Sur l’apparition des os dans le corps. Texte : Gabriel Plante ; mise en scène : Félix-Antoine Boutin ; interprétation : Amélie Dallaire, Gabriel-Antoine Roy ; scénographie : Odile Gamache ; lumières : Julie Basse ; conception sonore : Christophe Lamarche-Ledoux ; une création de Création Dans la Chambre, présentée au Théâtre Prospero, du 24 janvier au 11 février 2023.
///
Il faut le dire d’emblée : Sur l’apparition des os dans le corps est une proposition théâtrale d’une rare densité qui ne conviendra qu’à une poignée de gens. On a beau nous présenter ce spectacle comme la quête de sensations d’une femme qui se jette en bas des ponts dans l’espoir vain de ressentir quelque chose, une fois assis dans la salle, on oublie vite cette prémisse rationnelle en étant happés par une succession de réflexions poético-philosophiques trop souvent absconses. On en vient à regretter de ne pas plutôt découvrir ce texte riche sous la forme d’un livre qu’on pourrait parcourir plus attentivement en laissant le temps à sa poésie de se déposer. Dans sa forme théâtrale, la proposition donne plutôt l’impression d’un fouillis surréaliste – une déstrafication qui n’est certes pas dénuée d’intérêt, mais qui, parce que mal dosée, nous fait parfois basculer dans l’incompréhension.
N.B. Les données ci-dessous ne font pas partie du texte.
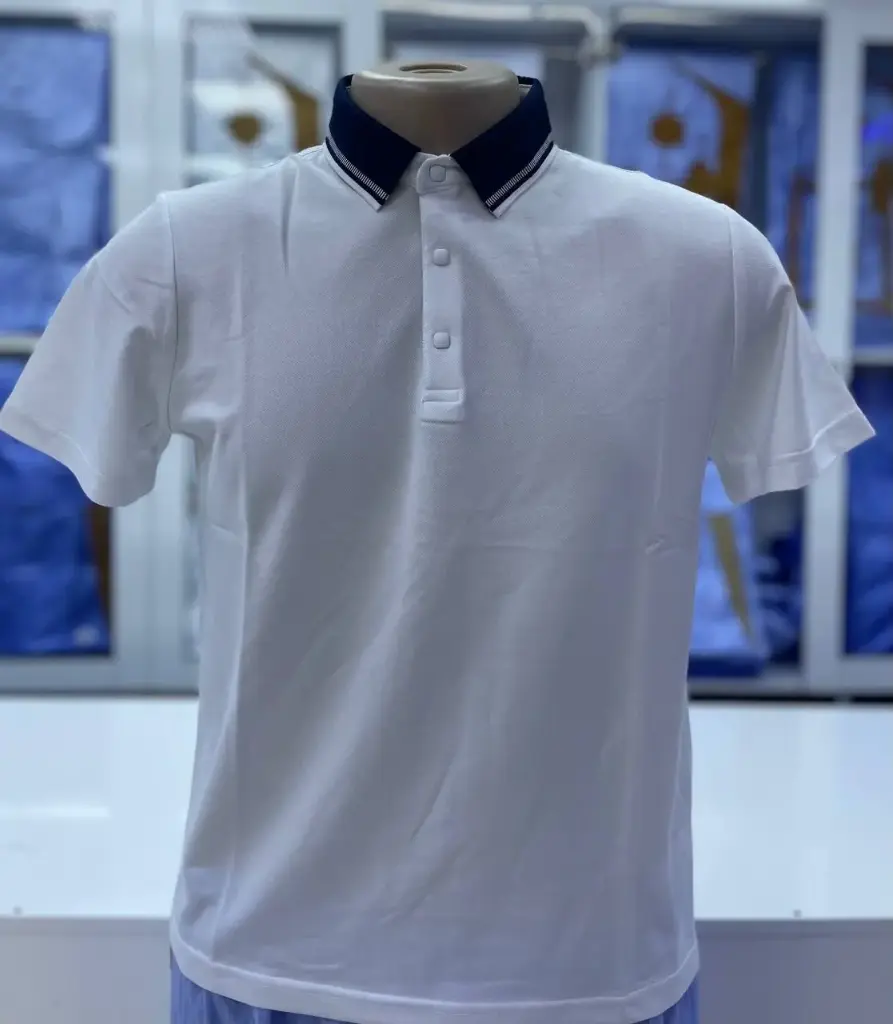 ابولو ليوالي 1071
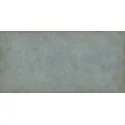 PP-01-252-1198-0598-1-013 sklep płytki TUBĄDZIN Patina Plate Blue Gres Rekt. MAT 119,8x59,8 60x120 5900199070004 1198x598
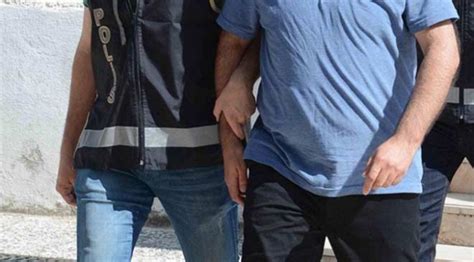 Samsun adliyesi haberleri arama sonuçları. FETÖ'nün adliye yapılanmasına operasyon: 19 gözaltı - Son ...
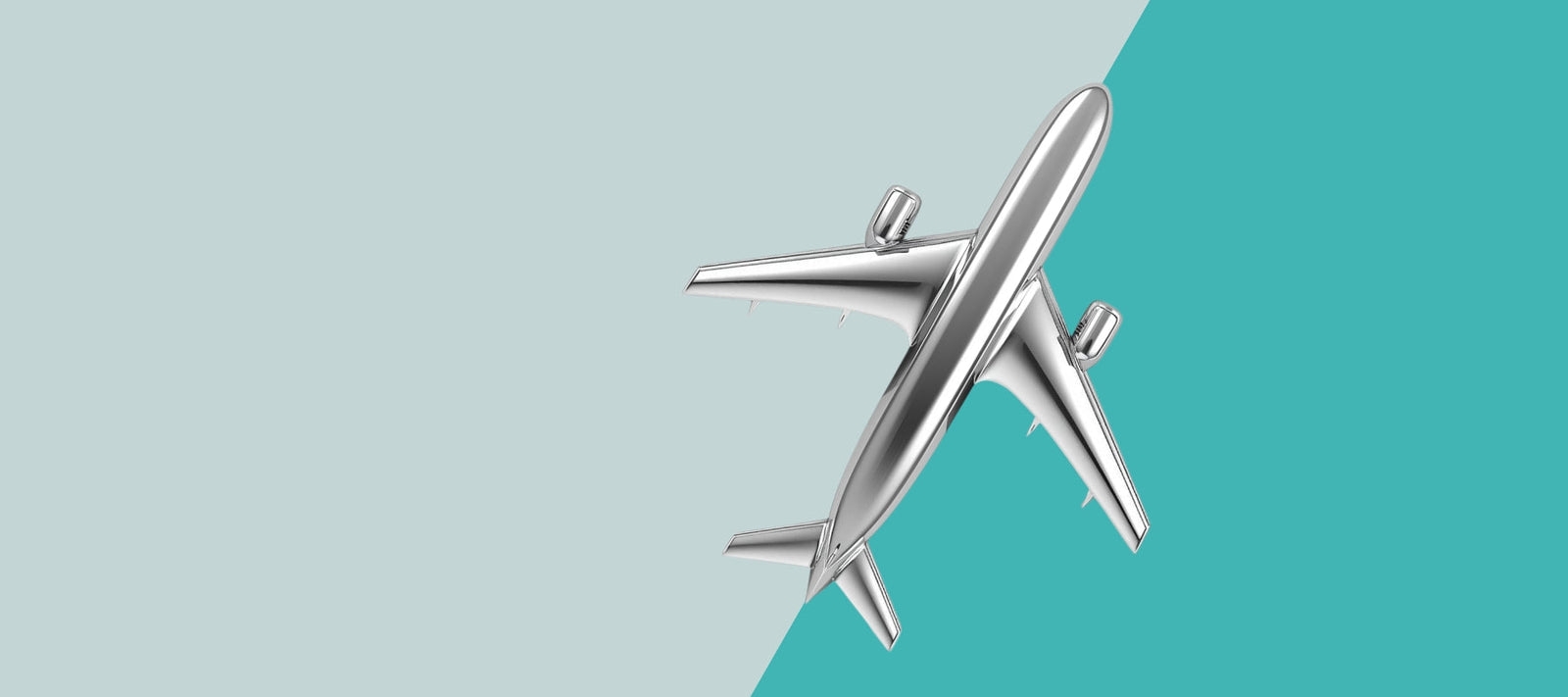 3 Ways Air Travel Destroys Your Beauty + Wellness Routine (And How to Stop It)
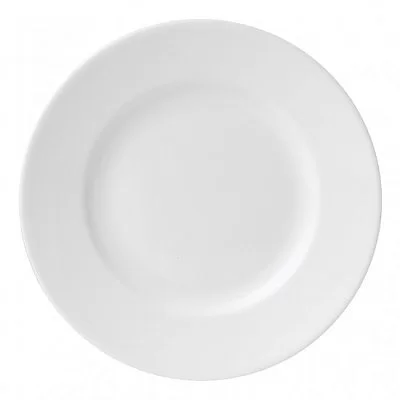 white Wedgwood - изобр. 14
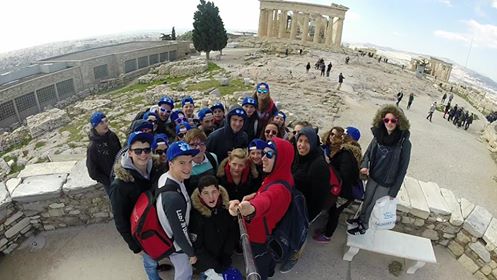 2015-stage athenes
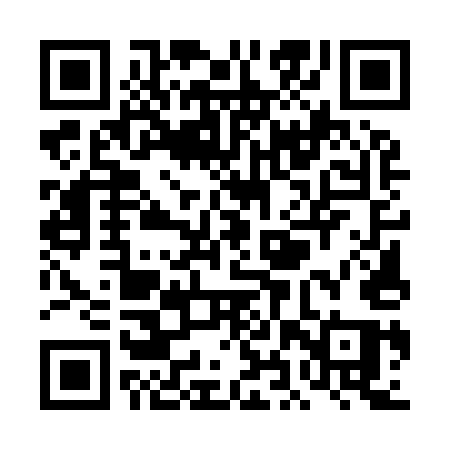 QR code for THU95Q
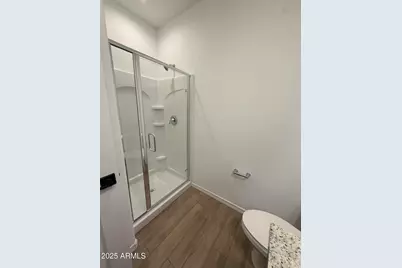 10270 W Indianola Avenue, Avondale, AZ 85392 - Photo 14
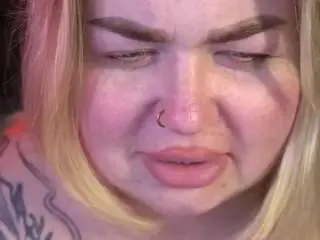 Camsoda Live Sex Cam of zarareign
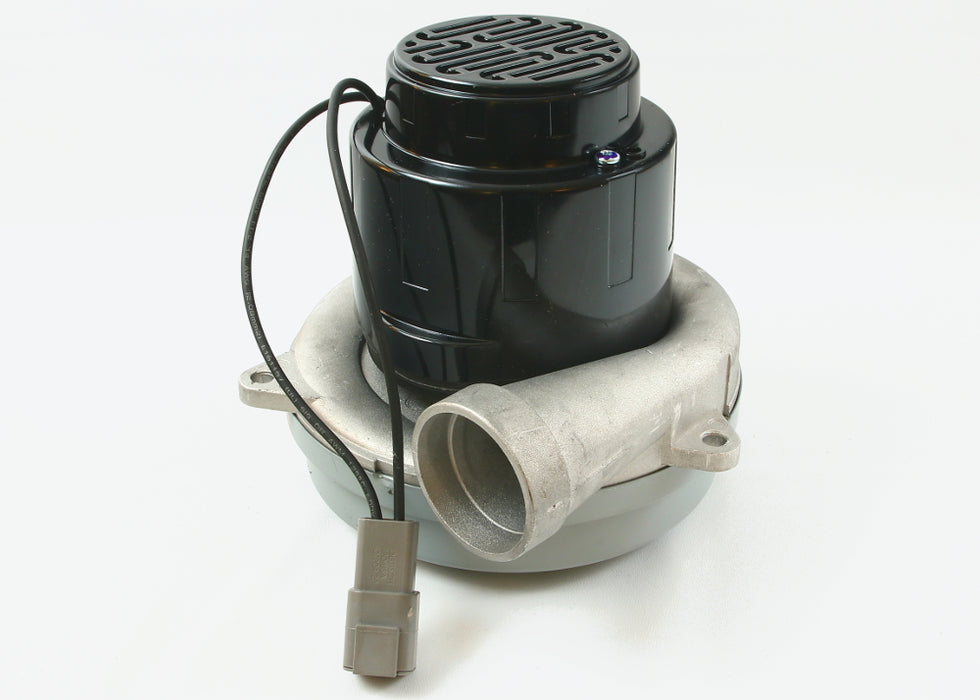 Aftermarket Ametek 12258607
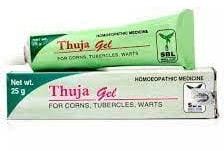 https://medistoreremedy.com/Admin/upload/potency_images/potency_6814d12a34718.jpeg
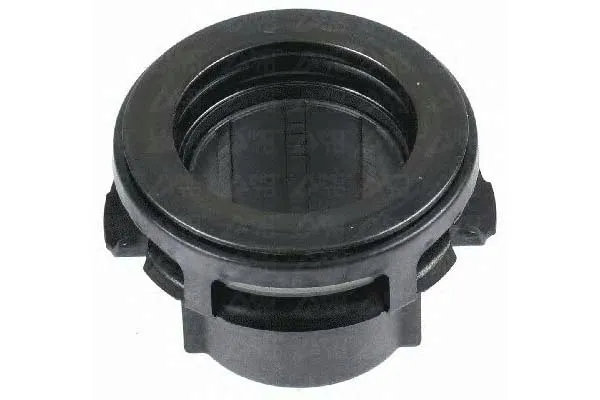 lozysko-oporowe-bmw-e30-e36-e46-e34-e39-e38-15-25-82-3151-231-031-sachs-typ-silnika-benzyna-diesel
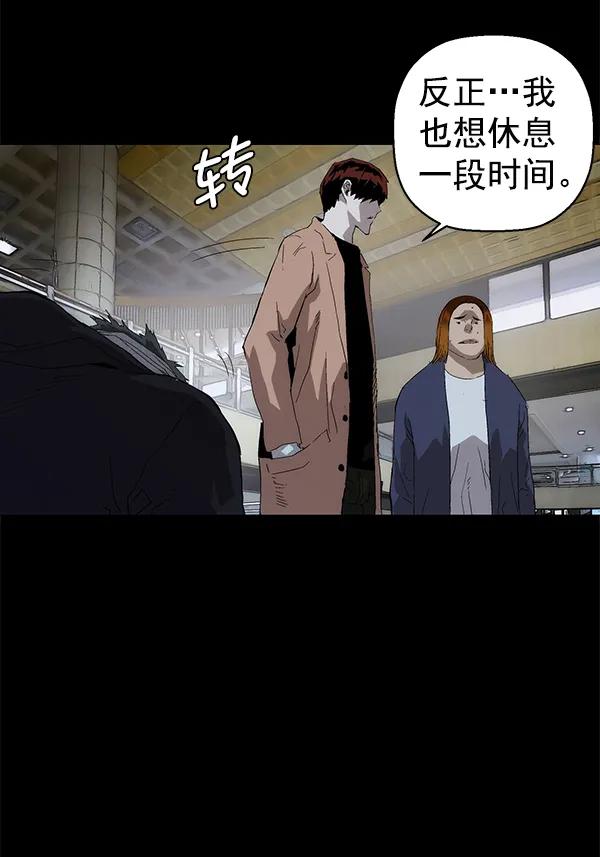 第 126 页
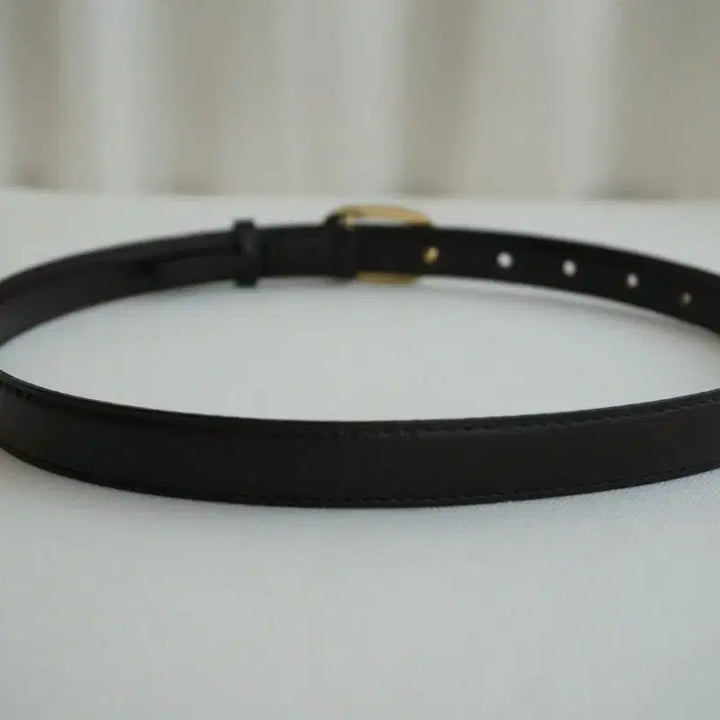 [BUNJANG] Celine Macadam Buckle Women&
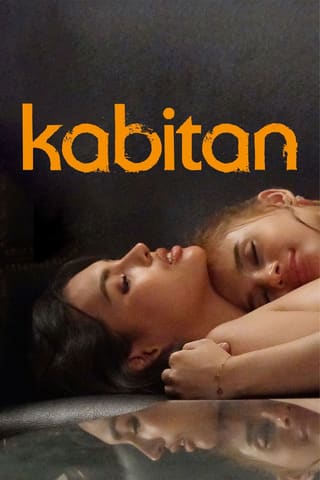 Kabitan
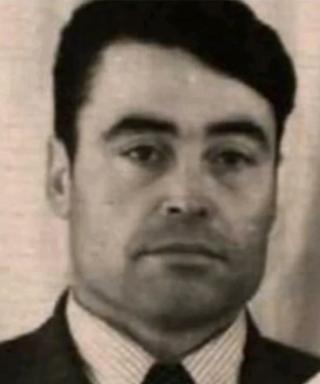 Дятлов Илья Андреевич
Après une quinzaine de minutes d’errance, la mise en scène de Félix-Antoine Boutin nous réconcilie néanmoins en partie avec l’abstraction du texte de Gabriel Plante en parvenant à lui conférer une cohérence esthétique qui fournit des éléments auxquels se raccrocher. Grâce à son inventivité et son intuition, combinées à la scénographie simple mais efficace d’Odile Gamache et à la musique de Christophe Lamarche-Ledoux, le metteur en scène nous plonge dans un univers digne d’un film de David Lynch : composée d’un lit et d’un bain, la chambre de motel où se retrouvent les deux personnages est recouverte de boiseries sombres ; au centre, une plateforme dont le lourd rideau de velours rouge dévoile tour à tour une cabine téléphonique dans un désert, une scène de stand-up, ou encore un site archéologique. Cette configuration spatiale contribue de belle façon à donner forme à la désorganisation qui est au cœur de ce spectacle. On peut dès lors plus facilement accepter le laïus des personnages, qui se produisent dans ce non-lieu de tous les possibles où ils ont fui.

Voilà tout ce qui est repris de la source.